Description of the task:
Down to the last line, print the data that follows exactly, without its pictures.

Source data:
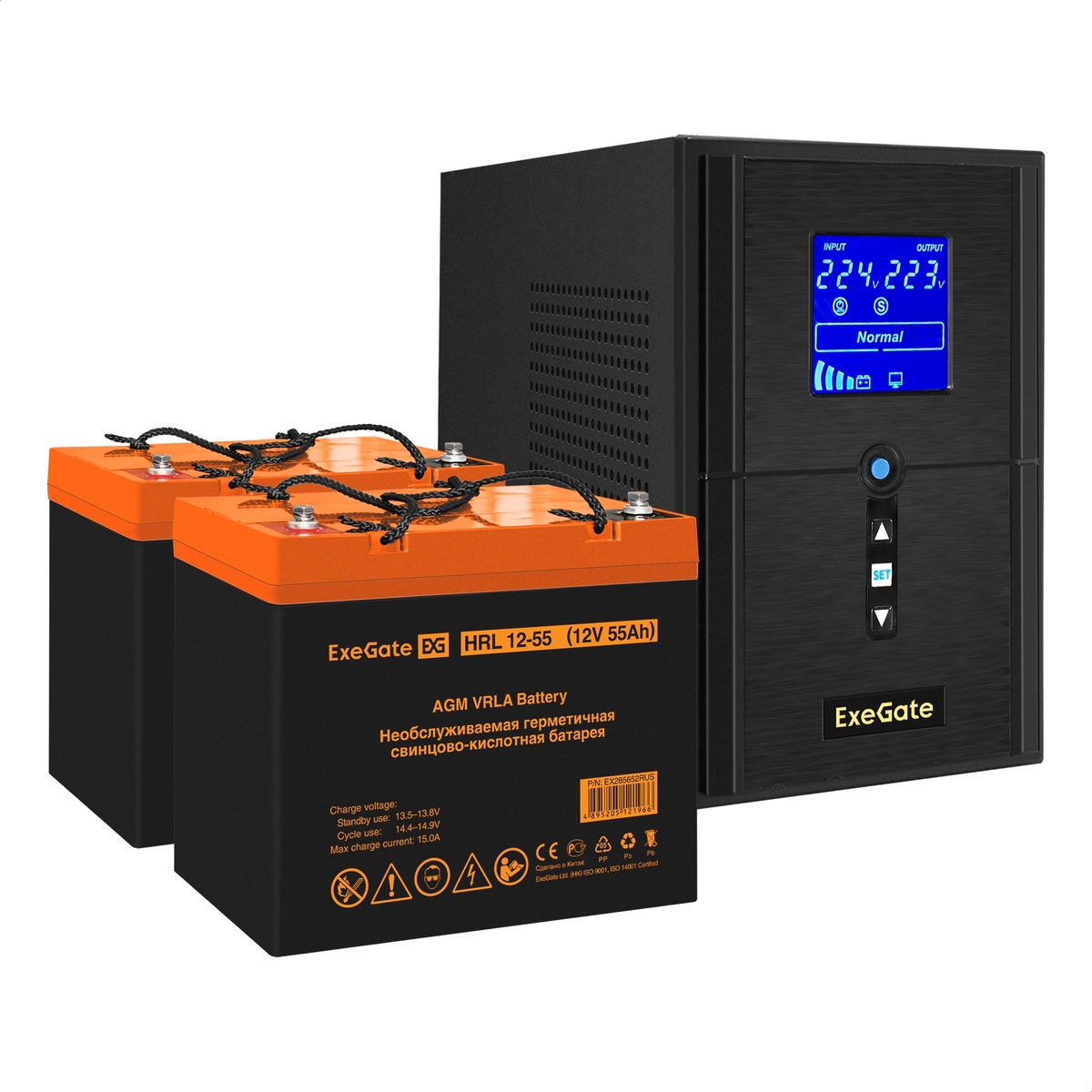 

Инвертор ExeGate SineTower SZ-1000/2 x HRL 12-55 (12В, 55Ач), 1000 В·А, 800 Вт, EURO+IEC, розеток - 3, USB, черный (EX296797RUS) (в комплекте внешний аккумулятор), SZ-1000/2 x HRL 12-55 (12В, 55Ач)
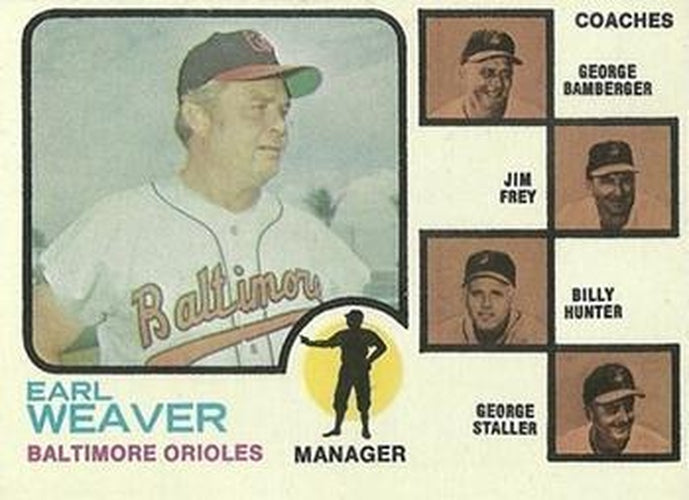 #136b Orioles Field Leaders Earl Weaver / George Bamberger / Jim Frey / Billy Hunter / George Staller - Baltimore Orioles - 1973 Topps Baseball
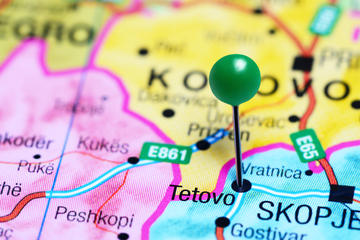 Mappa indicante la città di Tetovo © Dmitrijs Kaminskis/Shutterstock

Reply:
Инвертор ExeGate SineTower SZ-1000/2 x HRL 12-55 (12В, 55Ач), 1000 В·А, 800 Вт, EURO+IEC, розеток - 3, USB, черный (EX296797RUS) (в комплекте внешний аккумулятор), SZ-1000/2 x HRL 12-55 (12В, 55Ач)
 #136b Orioles Field Leaders Earl Weaver / George Bamberger / Jim Frey / Billy Hunter / George Staller - Baltimore Orioles - 1973 Topps Baseball
 Mappa indicante la città di Tetovo © Dmitrijs Kaminskis/Shutterstock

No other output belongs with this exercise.